▸ **EXERCISE MATERIAL**
+---+
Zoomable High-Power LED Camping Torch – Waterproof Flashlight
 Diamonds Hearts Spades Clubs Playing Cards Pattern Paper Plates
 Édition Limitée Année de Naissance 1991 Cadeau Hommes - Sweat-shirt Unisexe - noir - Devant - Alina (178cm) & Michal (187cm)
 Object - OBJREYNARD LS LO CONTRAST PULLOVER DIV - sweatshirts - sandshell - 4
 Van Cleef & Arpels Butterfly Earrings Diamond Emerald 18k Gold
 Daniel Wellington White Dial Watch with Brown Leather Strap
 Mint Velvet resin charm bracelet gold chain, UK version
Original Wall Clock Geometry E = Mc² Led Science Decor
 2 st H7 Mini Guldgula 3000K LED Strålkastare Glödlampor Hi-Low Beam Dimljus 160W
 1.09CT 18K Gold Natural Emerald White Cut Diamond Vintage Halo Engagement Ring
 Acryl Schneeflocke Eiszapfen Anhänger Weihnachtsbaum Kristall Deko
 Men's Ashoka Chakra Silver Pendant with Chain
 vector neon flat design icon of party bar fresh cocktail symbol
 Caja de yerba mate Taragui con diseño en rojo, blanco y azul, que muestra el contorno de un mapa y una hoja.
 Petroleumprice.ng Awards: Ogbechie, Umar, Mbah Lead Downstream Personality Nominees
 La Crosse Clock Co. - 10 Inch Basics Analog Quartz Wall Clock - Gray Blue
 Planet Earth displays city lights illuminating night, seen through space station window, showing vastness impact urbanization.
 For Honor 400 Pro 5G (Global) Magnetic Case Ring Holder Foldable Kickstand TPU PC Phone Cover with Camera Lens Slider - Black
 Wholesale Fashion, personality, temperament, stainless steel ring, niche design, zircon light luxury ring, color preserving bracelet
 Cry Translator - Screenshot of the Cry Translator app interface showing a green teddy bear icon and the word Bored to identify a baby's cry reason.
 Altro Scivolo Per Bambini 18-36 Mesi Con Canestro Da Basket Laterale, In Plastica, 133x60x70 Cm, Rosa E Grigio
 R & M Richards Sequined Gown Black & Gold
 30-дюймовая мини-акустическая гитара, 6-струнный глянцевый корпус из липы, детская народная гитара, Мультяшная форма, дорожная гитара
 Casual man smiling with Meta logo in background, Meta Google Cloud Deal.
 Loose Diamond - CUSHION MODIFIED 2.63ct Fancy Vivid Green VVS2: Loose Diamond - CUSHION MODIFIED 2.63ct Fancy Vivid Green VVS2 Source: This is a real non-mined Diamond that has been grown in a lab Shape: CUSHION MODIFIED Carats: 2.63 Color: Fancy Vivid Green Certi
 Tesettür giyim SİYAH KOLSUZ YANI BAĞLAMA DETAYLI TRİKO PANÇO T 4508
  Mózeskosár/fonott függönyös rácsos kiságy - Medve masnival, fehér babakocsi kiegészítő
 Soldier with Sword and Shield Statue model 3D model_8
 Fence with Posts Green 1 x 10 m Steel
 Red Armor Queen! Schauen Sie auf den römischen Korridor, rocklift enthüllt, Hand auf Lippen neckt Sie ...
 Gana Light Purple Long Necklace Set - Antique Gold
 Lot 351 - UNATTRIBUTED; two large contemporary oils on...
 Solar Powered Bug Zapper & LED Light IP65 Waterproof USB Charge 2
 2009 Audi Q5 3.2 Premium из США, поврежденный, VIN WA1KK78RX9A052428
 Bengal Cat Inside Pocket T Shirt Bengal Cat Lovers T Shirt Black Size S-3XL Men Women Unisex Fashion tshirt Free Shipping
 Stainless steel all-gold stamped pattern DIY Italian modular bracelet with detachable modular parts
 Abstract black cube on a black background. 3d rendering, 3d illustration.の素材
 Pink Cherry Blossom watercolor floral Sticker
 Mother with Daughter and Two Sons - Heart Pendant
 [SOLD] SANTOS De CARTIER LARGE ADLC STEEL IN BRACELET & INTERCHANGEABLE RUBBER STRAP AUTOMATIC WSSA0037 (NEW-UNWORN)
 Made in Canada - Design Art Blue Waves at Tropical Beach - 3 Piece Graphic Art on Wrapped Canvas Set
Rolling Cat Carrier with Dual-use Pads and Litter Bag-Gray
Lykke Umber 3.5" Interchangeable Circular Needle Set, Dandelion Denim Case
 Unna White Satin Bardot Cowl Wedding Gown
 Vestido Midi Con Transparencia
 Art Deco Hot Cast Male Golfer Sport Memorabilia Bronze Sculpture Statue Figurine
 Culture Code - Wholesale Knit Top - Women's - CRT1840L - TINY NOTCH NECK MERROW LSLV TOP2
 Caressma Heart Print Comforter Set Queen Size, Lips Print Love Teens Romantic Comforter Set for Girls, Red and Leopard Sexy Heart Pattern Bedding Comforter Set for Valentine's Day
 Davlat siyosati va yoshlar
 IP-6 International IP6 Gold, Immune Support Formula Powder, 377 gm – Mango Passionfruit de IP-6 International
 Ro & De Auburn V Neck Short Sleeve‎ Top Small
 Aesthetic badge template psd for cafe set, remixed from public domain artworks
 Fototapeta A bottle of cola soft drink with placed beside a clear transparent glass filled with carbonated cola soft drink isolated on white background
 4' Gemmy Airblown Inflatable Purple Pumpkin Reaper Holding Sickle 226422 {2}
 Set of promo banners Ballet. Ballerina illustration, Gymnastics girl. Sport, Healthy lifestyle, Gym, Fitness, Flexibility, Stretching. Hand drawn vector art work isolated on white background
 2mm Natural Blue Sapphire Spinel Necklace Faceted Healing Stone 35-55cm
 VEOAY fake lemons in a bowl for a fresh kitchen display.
+---+
▸ **WORK TO BE COMPLETED**
Transcribe, exactly as written, all lines of the entries above from the first to the one containing "Cry Translator - Screenshot", and no more.

▸ **YOUR RESPONSE**
Zoomable High-Power LED Camping Torch – Waterproof Flashlight
 Diamonds Hearts Spades Clubs Playing Cards Pattern Paper Plates
 Édition Limitée Année de Naissance 1991 Cadeau Hommes - Sweat-shirt Unisexe - noir - Devant - Alina (178cm) & Michal (187cm)
 Object - OBJREYNARD LS LO CONTRAST PULLOVER DIV - sweatshirts - sandshell - 4
 Van Cleef & Arpels Butterfly Earrings Diamond Emerald 18k Gold
 Daniel Wellington White Dial Watch with Brown Leather Strap
 Mint Velvet resin charm bracelet gold chain, UK version
Original Wall Clock Geometry E = Mc² Led Science Decor
 2 st H7 Mini Guldgula 3000K LED Strålkastare Glödlampor Hi-Low Beam Dimljus 160W
 1.09CT 18K Gold Natural Emerald White Cut Diamond Vintage Halo Engagement Ring
 Acryl Schneeflocke Eiszapfen Anhänger Weihnachtsbaum Kristall Deko
 Men's Ashoka Chakra Silver Pendant with Chain
 vector neon flat design icon of party bar fresh cocktail symbol
 Caja de yerba mate Taragui con diseño en rojo, blanco y azul, que muestra el contorno de un mapa y una hoja.
 Petroleumprice.ng Awards: Ogbechie, Umar, Mbah Lead Downstream Personality Nominees
 La Crosse Clock Co. - 10 Inch Basics Analog Quartz Wall Clock - Gray Blue
 Planet Earth displays city lights illuminating night, seen through space station window, showing vastness impact urbanization.
 For Honor 400 Pro 5G (Global) Magnetic Case Ring Holder Foldable Kickstand TPU PC Phone Cover with Camera Lens Slider - Black
 Wholesale Fashion, personality, temperament, stainless steel ring, niche design, zircon light luxury ring, color preserving bracelet
 Cry Translator - Screenshot of the Cry Translator app interface showing a green teddy bear icon and the word Bored to identify a baby's cry reason.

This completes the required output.